The herb and vegetable beds, like the flower beds, were neatly planted in waves of color and texture and outlined by perfectly planned brick paths that lent to the ebb and flow throughout the garden rooms.  Even in the heat of the day, there was a feeling of repose and calm that made me want to linger and just enjoy.  I wonder if this is actually how the original gardens looked during the Madison's time here.  I know Dolly had fashionable flair and strong opinions about how things should look when company came 'a-calling" on the fourth President of the United States and I am sure these gardens were as gracious then as they are now.  The roads that led visitors here long ago were not quite what they are today but when guests arrived they were treated to a stay that would have been worthy of their hosts.


The original outbuildings and slaves quarters are long gone but there is a brick outline of the original detached kitchen today, just filled with grass and clover.  Given the choice, I'd take the kitchen this way--very simple with no appliances.  Eating out every day is my favorite style of cooking!

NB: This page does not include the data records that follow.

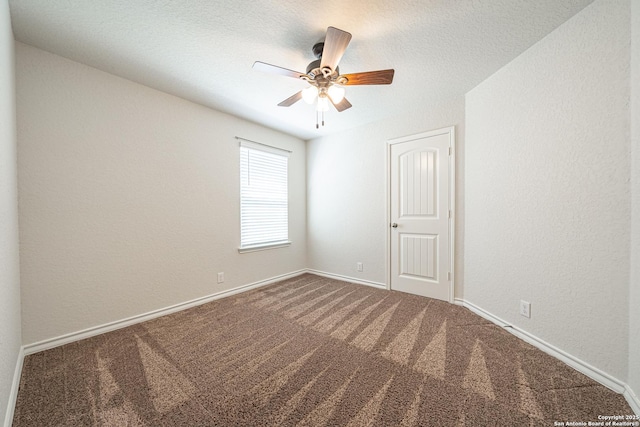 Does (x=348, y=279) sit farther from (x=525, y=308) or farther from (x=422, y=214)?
(x=525, y=308)

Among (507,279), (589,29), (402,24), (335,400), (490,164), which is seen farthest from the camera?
(490,164)

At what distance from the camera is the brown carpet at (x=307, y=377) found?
4.08ft

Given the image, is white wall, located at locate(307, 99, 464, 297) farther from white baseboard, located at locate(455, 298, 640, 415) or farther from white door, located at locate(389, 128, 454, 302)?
white baseboard, located at locate(455, 298, 640, 415)

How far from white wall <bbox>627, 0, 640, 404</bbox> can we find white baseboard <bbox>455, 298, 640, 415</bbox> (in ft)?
0.19

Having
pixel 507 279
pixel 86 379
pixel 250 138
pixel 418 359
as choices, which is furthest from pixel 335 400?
pixel 250 138

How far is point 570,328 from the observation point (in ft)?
5.36

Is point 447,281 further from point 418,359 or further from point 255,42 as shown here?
point 255,42

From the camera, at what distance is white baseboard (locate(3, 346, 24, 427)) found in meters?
1.17

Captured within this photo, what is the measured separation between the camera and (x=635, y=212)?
1296 mm

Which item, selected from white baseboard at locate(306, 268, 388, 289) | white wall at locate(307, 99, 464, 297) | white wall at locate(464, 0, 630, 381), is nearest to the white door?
white wall at locate(307, 99, 464, 297)

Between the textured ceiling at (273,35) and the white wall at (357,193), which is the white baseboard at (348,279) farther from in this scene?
the textured ceiling at (273,35)

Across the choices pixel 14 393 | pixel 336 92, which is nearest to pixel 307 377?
pixel 14 393

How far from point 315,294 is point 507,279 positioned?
208cm

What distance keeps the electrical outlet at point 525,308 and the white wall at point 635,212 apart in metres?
0.58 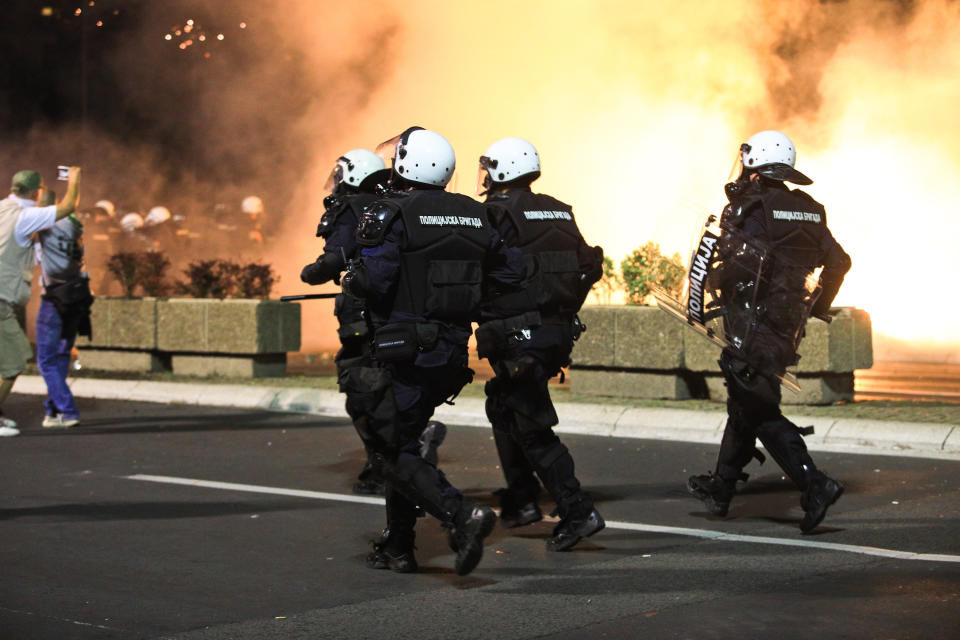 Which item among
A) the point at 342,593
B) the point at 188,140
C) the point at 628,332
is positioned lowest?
the point at 342,593

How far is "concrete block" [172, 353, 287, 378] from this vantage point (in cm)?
1249

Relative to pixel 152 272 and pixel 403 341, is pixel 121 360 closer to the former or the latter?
pixel 152 272

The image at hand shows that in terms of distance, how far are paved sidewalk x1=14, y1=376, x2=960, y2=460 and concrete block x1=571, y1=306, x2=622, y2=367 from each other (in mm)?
573

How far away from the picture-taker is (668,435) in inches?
361

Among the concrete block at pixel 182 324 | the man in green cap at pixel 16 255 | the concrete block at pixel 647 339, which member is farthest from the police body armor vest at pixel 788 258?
the concrete block at pixel 182 324

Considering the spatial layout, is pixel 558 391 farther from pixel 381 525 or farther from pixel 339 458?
pixel 381 525

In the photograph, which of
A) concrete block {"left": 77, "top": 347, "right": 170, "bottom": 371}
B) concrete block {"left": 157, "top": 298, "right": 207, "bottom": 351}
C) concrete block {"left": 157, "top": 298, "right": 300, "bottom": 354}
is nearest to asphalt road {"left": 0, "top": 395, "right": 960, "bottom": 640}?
concrete block {"left": 157, "top": 298, "right": 300, "bottom": 354}

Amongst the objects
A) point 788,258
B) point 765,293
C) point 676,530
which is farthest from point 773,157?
point 676,530

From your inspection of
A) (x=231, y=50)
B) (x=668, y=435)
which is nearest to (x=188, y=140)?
(x=231, y=50)

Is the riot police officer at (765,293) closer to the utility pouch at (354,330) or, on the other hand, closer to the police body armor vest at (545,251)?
the police body armor vest at (545,251)

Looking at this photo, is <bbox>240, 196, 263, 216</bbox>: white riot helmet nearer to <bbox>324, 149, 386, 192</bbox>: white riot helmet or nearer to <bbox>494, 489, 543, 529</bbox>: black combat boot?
<bbox>324, 149, 386, 192</bbox>: white riot helmet

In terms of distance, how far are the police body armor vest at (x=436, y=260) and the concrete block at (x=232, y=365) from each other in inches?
298

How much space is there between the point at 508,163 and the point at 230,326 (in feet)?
22.3

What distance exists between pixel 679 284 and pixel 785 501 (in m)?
1.49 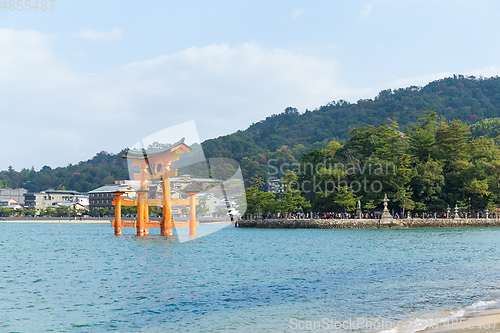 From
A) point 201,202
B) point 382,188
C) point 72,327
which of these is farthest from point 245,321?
point 201,202

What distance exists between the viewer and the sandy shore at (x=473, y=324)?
36.9ft

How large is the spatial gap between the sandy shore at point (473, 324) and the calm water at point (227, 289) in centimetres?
143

And then, before I knew it, it was time to get back to present day and the Wine Festival that was beckoning farther afield.  Wait a minute...I didn't even get a glass of wine to enjoy on my walk through the Madison's place...such is the life of a fair vendor...work, work, work--always work!  Well, at least I had a water bottle to keep me company and in just a few hours it would be time to pack up and head home.
Before I knew it, it was time to bid good-bye to the entire fair at 5pm on Sunday Evening.  We had survived the heat and humidity, dodged rain drops and even thunderstorms and strolled through the past in a very pleasant and inviting garden and met and enjoyed so many people over the weekend.  We were exhausted!  Back up the road due north to Philomont and Blooming Hill--maybe not quite as grand and historic as Montpelier but we call it home.